> **WHAT IS BEING ASKED**
Look through the material below and copy exactly the lines from the line with "The hardcover Tales" to the line with "Sweet cool wind", those two lines included.

> **RECORDS PROVIDED**
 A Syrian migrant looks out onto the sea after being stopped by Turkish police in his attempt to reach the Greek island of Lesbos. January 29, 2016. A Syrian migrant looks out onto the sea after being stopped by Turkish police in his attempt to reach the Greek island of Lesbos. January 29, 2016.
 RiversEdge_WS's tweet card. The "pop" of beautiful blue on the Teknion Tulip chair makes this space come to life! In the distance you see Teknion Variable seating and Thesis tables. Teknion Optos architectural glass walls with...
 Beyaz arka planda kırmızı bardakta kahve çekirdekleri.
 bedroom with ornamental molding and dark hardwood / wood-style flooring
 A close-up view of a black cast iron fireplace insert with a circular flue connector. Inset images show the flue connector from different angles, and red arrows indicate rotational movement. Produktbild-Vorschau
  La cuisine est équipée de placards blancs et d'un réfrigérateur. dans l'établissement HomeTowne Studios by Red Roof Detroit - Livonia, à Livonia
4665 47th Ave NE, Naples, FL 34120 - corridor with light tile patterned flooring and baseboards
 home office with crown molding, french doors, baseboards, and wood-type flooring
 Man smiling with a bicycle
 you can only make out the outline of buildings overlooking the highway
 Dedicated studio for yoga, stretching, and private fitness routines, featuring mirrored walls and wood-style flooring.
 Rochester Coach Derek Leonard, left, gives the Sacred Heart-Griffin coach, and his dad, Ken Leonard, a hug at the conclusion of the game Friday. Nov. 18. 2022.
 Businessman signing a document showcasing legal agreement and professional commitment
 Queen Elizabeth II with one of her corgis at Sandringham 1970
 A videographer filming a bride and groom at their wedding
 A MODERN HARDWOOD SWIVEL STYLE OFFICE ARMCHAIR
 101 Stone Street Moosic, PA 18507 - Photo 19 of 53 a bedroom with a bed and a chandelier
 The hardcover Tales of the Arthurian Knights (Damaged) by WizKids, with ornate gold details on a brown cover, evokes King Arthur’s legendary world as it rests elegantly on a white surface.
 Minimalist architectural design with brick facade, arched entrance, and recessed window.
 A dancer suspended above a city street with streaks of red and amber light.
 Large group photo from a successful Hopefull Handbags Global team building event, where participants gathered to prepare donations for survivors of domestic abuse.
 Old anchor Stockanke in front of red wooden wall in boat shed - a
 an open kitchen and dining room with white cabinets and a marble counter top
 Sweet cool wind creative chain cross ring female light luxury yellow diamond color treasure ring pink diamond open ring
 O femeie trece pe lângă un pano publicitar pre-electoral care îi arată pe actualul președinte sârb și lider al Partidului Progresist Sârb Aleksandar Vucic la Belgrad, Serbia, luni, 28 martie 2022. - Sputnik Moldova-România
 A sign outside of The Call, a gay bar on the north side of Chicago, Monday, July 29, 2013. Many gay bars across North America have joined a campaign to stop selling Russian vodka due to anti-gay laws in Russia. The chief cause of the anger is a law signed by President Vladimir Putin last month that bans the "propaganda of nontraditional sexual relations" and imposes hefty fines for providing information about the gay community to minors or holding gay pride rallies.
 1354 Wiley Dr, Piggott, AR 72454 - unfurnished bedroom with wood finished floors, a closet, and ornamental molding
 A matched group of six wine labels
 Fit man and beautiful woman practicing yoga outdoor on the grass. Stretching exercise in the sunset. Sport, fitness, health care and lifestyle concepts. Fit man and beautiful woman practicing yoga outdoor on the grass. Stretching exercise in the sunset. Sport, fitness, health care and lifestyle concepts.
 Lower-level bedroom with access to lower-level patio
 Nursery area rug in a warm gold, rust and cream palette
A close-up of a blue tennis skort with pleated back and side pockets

> **WORKED SOLUTION**
 The hardcover Tales of the Arthurian Knights (Damaged) by WizKids, with ornate gold details on a brown cover, evokes King Arthur’s legendary world as it rests elegantly on a white surface.
 Minimalist architectural design with brick facade, arched entrance, and recessed window.
 A dancer suspended above a city street with streaks of red and amber light.
 Large group photo from a successful Hopefull Handbags Global team building event, where participants gathered to prepare donations for survivors of domestic abuse.
 Old anchor Stockanke in front of red wooden wall in boat shed - a
 an open kitchen and dining room with white cabinets and a marble counter top
 Sweet cool wind creative chain cross ring female light luxury yellow diamond color treasure ring pink diamond open ring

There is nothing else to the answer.